In some respects, admittedly, Ashcroft goes further than Blunkett. He refused to let the FBI check its records to see whether any of his 1,200 arrestees had bought guns before September 11. That would have meant defying the gun lobby, for which the private sanctity of this database is a cardinal adjunct to the right to bear arms. There are some rights that even the terrorist threat cannot be allowed to override.
Ashcroft also persuaded President Bush to sign an executive order creating military tribunals to try any non-US citizen suspected of aiding terrorism. These will hold secret trials, under military officers, without a defendant having the right either to see the evidence or appeal to a civilian court.
The system envisaged by Blunkett isn't a great deal less ruthless. Here too the suspect will not see the evidence, nor will the suspect's preferred lawyer be trusted with confidential information. But the crunch similarity is in the removal, by order, of judicial review from the commission that will supervise detention without trial. Judicial review may only seldom be appropriate, and even less frequently successful.
The regular law poses many filters and tests before occasionally finding against the state. But every minister and every tribunal can make mistakes. There needs to be a backstop, in these overheated and threatening times. Yet the government is fighting, with a tenacity John Ashcroft must admire, against keeping even that small protection open.
No other country in Europe feels the need to go this far in arranging for detention without trial. No other country is seeking a special derogation from the European convention, to deal with terrorism. Is Britain uniquely under threat? Uniquely indifferent to the unfairness that may result from the curtailment of due process? Or uniquely determined to show that the common law, of which the US is the only other relevant exponent, can be readily manipulated to override fundamental liberties?
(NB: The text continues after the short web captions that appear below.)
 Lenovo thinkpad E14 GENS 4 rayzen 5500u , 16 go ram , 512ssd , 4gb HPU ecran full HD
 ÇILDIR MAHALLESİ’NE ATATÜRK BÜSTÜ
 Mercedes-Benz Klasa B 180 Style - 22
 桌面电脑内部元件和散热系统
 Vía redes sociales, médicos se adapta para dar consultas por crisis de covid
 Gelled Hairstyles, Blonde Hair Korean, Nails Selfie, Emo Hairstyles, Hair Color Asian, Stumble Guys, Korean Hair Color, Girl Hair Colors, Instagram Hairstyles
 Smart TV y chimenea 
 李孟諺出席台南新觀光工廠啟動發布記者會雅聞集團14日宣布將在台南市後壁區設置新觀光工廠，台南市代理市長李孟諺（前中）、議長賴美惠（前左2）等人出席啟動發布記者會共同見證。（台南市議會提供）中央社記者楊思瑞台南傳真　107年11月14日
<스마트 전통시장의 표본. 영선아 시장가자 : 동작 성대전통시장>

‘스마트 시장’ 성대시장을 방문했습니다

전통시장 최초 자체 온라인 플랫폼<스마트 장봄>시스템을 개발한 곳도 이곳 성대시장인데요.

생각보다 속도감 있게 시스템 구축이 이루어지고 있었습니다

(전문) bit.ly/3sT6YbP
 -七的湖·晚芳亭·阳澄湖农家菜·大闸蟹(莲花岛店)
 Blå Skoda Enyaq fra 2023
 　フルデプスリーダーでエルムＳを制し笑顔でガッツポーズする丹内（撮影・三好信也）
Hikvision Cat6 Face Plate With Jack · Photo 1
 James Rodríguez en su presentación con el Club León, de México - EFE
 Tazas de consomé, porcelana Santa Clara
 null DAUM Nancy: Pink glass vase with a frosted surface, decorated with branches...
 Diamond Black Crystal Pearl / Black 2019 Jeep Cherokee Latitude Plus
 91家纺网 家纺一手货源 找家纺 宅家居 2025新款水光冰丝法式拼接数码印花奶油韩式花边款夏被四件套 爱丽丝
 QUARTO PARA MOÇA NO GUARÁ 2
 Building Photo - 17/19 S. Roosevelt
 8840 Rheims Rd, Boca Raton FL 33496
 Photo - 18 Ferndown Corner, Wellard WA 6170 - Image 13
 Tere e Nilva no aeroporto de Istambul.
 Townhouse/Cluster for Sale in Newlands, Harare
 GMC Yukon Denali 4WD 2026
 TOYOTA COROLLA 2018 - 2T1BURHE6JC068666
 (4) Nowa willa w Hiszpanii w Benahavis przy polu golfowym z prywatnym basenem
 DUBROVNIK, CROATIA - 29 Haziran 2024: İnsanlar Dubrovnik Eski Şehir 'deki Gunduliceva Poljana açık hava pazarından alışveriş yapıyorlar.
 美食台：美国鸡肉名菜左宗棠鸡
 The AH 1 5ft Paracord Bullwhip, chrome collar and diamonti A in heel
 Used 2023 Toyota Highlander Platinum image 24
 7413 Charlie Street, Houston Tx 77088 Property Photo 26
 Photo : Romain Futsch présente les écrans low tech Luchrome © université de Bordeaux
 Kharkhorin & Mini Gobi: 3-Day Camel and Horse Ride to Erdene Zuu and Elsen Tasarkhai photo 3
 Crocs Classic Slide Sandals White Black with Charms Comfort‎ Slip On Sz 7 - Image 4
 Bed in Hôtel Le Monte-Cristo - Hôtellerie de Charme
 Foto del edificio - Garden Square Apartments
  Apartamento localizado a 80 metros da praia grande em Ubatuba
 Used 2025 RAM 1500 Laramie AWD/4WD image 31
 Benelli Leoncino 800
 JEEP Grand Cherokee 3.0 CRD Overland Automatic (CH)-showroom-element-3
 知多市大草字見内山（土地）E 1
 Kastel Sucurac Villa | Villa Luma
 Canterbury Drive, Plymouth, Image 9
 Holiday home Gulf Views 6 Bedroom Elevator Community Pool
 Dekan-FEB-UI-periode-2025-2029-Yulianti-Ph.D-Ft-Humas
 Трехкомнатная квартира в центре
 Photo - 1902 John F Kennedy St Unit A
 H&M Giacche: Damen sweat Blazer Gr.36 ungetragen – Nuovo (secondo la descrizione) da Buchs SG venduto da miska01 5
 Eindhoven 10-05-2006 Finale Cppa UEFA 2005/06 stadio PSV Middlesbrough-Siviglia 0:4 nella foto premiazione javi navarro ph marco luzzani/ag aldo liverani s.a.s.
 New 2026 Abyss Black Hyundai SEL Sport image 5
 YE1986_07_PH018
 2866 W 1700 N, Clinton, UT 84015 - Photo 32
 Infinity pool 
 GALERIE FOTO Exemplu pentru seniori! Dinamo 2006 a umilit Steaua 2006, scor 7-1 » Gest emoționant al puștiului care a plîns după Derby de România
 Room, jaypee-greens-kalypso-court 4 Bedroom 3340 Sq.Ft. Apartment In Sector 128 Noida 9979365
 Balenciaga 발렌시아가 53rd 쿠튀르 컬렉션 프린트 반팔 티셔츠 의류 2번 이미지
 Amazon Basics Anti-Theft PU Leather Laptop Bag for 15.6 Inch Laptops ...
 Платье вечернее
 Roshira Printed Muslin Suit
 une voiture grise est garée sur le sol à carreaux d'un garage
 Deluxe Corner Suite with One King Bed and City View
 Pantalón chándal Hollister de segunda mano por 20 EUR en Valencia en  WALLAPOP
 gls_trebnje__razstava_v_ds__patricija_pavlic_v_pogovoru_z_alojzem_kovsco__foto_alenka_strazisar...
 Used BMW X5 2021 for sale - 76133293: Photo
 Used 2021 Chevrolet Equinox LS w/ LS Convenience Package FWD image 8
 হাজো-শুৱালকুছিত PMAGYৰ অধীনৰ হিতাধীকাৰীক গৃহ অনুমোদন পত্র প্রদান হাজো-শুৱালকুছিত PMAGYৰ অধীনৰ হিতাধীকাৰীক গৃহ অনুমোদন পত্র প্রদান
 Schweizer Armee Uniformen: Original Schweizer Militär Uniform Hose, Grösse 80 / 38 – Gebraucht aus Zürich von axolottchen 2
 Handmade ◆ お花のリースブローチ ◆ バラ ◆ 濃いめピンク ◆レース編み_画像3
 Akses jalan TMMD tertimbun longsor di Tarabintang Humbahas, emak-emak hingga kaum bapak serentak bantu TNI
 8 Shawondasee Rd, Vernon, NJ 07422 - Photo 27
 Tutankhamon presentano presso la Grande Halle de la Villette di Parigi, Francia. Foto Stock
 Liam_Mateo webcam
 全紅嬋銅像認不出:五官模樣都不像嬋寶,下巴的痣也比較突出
There is one shaft of light in this dismal picture. The US Senate has not taken Ashcroft's draconian despatch of civil rights lying down. Democrats have asked some potent questions, determined to assert that general support for the anti-terrorism campaign doesn't mean that all anxiety about the details should be silenced. They don't like the tribunals. They're not prepared to yield entirely to populist panic.
Here the Commons have been useless. They took 16 hours to carry all stages of a 126-clause measure that reaches beyond terrorism into wide breaches of personal privacy, massive surveillance, and the wholly disconnected matter of incitement to religious hatred. In a long record of shaming fealty to whips, never have so many MPs showed such utter negligence towards so impressive a list of fundamental principles.
The Lords, however, have become the Senate. Their debate is serious, their resilience formidable and their morality alive. They don't oppose the anti-terrorism campaign, but they want to keep it within sane limits. They scrutinise, question and amend. So far they've voted, most importantly, to keep judicial review and curb surveillance. They'll be extending the work this week. They've also been important players on the joint committee on human rights, whose chair, Jean Corston MP, also chair of the parliamentary Labour party, must be exempted from the previous paragraph. With devastating sobriety, the committee wrote two reports that dismantled most of the claims Blunkett has made about reconciling his bill with the human rights convention.
Have these been influential? Fat chance. The home secretary thinks he reached heights of generosity by promising a review of his measure after two years. It's an empty proposal, though the Tories may fall for it. Once in place, the act will be impossible to shift. Arguments from security are like that. There's always another hypothesis to guard against. That's what justice ministers are in office to assert. The hard rightist and once-soft old labourist are fellow spirits, hungry for power in the name of a security that piously throws to the jailers the freedom it's supposed to be defending.